Figure 2 A illustration of XuperModel

3.3 Smart cache of XuperModel

In order to get the read-write sets for contracts at runtime, a smart cache is provided for each contract when it is being pre-executed. This cache is read-only to state DB and it can generate read-write sets and results for contract pre-execution. Meanwhile, it can also be used for contract verification. The cache consists of four parts, a write-set instance, a read-set instance, a state DB reference and a penetration flag marked whether query can be penetrated to DB.

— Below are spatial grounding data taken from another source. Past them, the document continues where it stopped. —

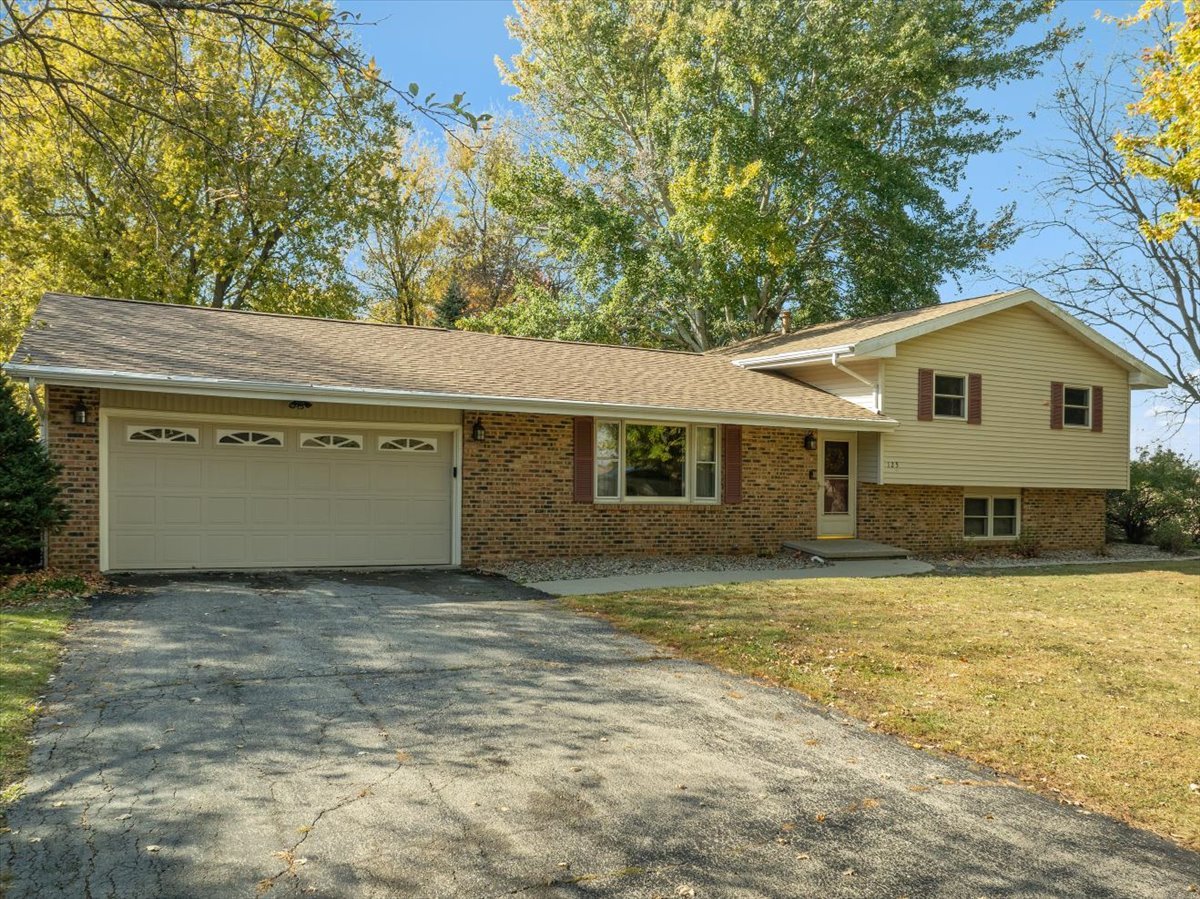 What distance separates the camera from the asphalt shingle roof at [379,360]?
1175 cm

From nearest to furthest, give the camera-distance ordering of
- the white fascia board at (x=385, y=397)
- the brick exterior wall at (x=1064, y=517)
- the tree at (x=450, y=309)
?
the white fascia board at (x=385, y=397)
the brick exterior wall at (x=1064, y=517)
the tree at (x=450, y=309)

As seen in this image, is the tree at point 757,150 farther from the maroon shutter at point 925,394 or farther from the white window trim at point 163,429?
the white window trim at point 163,429

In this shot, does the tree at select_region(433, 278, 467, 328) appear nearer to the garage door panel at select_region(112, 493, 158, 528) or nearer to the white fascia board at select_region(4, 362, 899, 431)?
the white fascia board at select_region(4, 362, 899, 431)

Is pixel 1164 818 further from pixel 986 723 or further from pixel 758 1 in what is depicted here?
pixel 758 1

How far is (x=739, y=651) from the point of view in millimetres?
8250

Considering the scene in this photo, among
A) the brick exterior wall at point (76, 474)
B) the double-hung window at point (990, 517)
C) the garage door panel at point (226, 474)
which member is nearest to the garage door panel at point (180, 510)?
the garage door panel at point (226, 474)

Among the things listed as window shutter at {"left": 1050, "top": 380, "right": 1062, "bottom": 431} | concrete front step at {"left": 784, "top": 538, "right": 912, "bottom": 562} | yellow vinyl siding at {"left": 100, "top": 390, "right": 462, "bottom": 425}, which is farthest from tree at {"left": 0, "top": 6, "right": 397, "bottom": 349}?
window shutter at {"left": 1050, "top": 380, "right": 1062, "bottom": 431}

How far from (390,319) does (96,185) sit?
11.6m

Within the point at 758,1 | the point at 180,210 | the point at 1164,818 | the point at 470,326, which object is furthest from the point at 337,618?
the point at 758,1

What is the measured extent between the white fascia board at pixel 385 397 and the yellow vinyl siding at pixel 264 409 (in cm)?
44

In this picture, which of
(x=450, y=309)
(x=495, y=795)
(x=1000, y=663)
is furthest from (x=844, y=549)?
(x=450, y=309)

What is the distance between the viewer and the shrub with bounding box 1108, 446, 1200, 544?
21922 mm

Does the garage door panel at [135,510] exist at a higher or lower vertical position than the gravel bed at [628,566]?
higher

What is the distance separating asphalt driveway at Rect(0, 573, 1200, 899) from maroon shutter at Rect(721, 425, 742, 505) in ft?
26.7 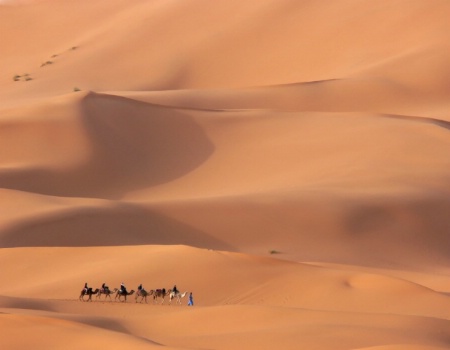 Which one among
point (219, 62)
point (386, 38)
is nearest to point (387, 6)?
point (386, 38)

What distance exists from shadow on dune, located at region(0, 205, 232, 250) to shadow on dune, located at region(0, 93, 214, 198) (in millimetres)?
3936

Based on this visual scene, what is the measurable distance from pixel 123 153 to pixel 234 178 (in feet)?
11.7

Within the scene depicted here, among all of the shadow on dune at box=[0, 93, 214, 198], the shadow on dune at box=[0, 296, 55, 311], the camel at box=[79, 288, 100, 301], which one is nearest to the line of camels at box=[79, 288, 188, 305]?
the camel at box=[79, 288, 100, 301]

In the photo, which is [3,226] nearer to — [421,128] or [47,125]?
[47,125]

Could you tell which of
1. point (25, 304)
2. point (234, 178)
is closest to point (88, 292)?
point (25, 304)

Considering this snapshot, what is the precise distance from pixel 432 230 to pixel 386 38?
2079 centimetres

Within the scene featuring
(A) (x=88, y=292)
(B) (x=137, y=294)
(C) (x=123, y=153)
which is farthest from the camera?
(C) (x=123, y=153)

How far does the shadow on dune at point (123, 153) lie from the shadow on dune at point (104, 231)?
3.94 metres

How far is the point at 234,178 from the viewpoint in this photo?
3077 centimetres

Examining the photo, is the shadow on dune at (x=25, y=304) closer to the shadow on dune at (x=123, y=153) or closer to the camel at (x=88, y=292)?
the camel at (x=88, y=292)

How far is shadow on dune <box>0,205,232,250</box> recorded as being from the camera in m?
25.0

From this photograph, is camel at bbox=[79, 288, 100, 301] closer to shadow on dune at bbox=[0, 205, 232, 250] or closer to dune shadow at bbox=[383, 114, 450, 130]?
shadow on dune at bbox=[0, 205, 232, 250]

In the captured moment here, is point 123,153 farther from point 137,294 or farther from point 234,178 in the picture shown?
point 137,294

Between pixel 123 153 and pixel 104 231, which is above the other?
pixel 123 153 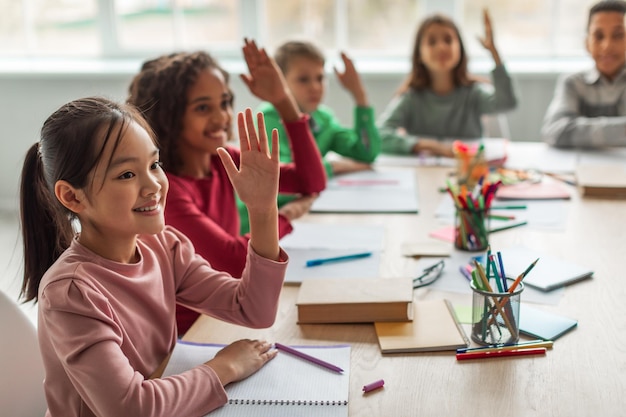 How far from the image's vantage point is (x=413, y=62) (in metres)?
2.95

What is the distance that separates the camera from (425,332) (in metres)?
1.19

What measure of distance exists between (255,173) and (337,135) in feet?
4.32

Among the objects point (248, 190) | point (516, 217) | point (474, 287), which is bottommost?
point (516, 217)

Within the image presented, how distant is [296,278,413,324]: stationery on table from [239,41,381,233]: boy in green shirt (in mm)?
1102

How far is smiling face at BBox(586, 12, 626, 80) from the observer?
8.85 ft

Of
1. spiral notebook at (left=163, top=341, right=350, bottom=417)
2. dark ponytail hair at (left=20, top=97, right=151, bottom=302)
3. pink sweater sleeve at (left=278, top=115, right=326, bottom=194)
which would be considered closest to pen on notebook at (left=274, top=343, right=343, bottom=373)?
spiral notebook at (left=163, top=341, right=350, bottom=417)

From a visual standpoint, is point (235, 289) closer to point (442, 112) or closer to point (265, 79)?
point (265, 79)

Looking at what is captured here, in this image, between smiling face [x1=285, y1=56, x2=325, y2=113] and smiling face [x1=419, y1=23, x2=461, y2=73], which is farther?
smiling face [x1=419, y1=23, x2=461, y2=73]

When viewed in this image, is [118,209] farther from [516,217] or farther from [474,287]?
[516,217]

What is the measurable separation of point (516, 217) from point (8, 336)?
1217 millimetres

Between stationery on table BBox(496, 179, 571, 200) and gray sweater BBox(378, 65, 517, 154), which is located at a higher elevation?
gray sweater BBox(378, 65, 517, 154)

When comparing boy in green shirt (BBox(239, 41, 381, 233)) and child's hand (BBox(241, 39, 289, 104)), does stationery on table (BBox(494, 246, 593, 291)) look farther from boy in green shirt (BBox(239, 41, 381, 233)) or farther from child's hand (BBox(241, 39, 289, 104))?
boy in green shirt (BBox(239, 41, 381, 233))

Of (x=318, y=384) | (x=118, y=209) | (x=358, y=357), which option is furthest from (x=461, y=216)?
(x=118, y=209)

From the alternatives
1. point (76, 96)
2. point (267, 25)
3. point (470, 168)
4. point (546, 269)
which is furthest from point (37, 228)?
point (267, 25) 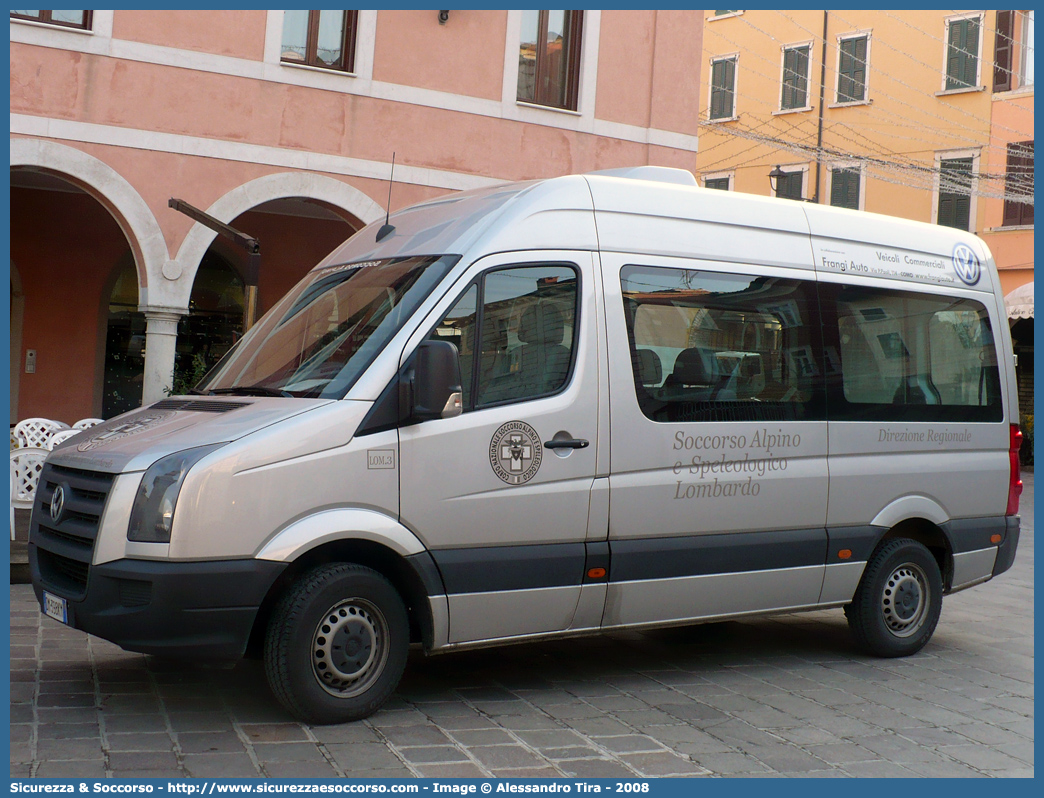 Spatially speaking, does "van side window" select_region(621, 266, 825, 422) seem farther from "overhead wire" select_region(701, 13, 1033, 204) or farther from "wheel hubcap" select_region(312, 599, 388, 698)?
"overhead wire" select_region(701, 13, 1033, 204)

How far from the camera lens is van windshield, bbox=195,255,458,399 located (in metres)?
5.29

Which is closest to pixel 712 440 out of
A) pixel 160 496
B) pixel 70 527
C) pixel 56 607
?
pixel 160 496

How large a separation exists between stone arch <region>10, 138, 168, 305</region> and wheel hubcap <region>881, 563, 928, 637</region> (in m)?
8.71

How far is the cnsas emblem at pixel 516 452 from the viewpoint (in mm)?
5406

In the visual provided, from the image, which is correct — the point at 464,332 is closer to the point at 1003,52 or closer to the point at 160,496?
the point at 160,496

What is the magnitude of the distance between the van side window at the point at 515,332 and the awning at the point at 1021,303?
19244 mm

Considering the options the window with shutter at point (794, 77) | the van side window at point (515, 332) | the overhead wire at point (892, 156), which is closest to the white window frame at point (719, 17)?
the overhead wire at point (892, 156)

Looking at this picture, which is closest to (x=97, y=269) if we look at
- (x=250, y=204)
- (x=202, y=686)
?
(x=250, y=204)

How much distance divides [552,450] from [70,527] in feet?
6.98

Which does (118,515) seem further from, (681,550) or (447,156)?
(447,156)

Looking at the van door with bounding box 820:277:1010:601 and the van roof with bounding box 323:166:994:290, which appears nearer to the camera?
the van roof with bounding box 323:166:994:290

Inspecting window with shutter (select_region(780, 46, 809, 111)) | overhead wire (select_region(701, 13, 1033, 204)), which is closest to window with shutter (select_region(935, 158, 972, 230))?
overhead wire (select_region(701, 13, 1033, 204))

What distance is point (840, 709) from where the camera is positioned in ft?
18.9

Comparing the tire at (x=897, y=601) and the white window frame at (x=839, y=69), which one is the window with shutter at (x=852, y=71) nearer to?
the white window frame at (x=839, y=69) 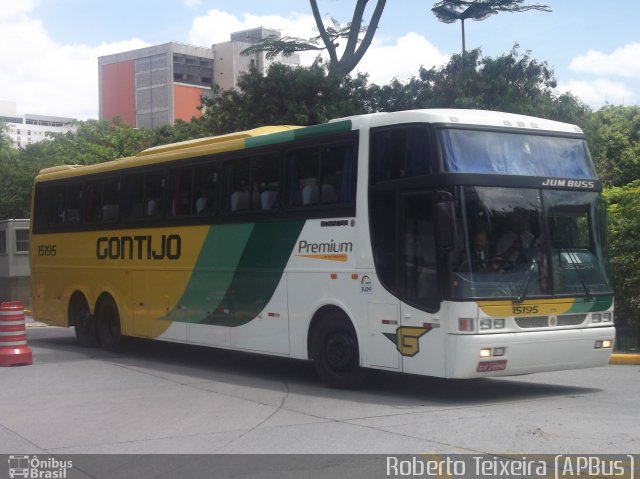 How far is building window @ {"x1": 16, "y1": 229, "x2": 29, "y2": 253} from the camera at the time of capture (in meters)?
32.5

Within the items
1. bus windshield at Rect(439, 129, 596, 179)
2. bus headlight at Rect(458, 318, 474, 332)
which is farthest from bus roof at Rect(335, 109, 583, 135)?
bus headlight at Rect(458, 318, 474, 332)

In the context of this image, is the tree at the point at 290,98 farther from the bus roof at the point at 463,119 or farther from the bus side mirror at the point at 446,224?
the bus side mirror at the point at 446,224

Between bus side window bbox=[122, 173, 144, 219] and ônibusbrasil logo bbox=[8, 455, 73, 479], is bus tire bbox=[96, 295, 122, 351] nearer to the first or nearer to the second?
bus side window bbox=[122, 173, 144, 219]

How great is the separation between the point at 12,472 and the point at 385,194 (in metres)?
5.68


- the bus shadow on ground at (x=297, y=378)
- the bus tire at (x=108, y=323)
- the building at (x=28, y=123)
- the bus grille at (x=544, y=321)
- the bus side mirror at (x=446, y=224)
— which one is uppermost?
the building at (x=28, y=123)

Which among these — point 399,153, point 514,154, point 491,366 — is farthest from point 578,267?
point 399,153

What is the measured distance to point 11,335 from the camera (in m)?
15.2

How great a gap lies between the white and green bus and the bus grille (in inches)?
1.0

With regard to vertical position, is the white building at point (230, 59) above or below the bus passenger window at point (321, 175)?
above

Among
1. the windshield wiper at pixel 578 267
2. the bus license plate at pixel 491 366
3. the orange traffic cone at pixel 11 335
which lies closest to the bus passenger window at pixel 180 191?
the orange traffic cone at pixel 11 335

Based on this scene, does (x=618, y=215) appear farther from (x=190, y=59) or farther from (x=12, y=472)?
(x=190, y=59)

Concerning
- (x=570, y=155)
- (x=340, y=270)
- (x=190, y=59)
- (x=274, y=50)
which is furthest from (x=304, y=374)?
(x=190, y=59)

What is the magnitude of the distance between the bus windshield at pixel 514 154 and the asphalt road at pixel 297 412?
2.88 m

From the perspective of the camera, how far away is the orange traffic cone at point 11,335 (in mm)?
15078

When pre-executing a contract, the penetration flag is set to be true, and the bridge gets a cache for the contract, through which the data in state DB can be read, and the data queried will be cached in the read-set of the cache. Also, the contract can write data, and the data written will take effect in the write-set of the cache. After pre-execution, the read-write sets can be fetched together from the cache and returned to the client side.

When verifying a contract, the penetration flag is false, the verification node generate a new cache instance initialized according to the transaction’s read-write sets. The node will execute the contract again, but the contract can only read data from the read-set prepared. Similarly, data writing only takes effect in the write-set of the cache instance.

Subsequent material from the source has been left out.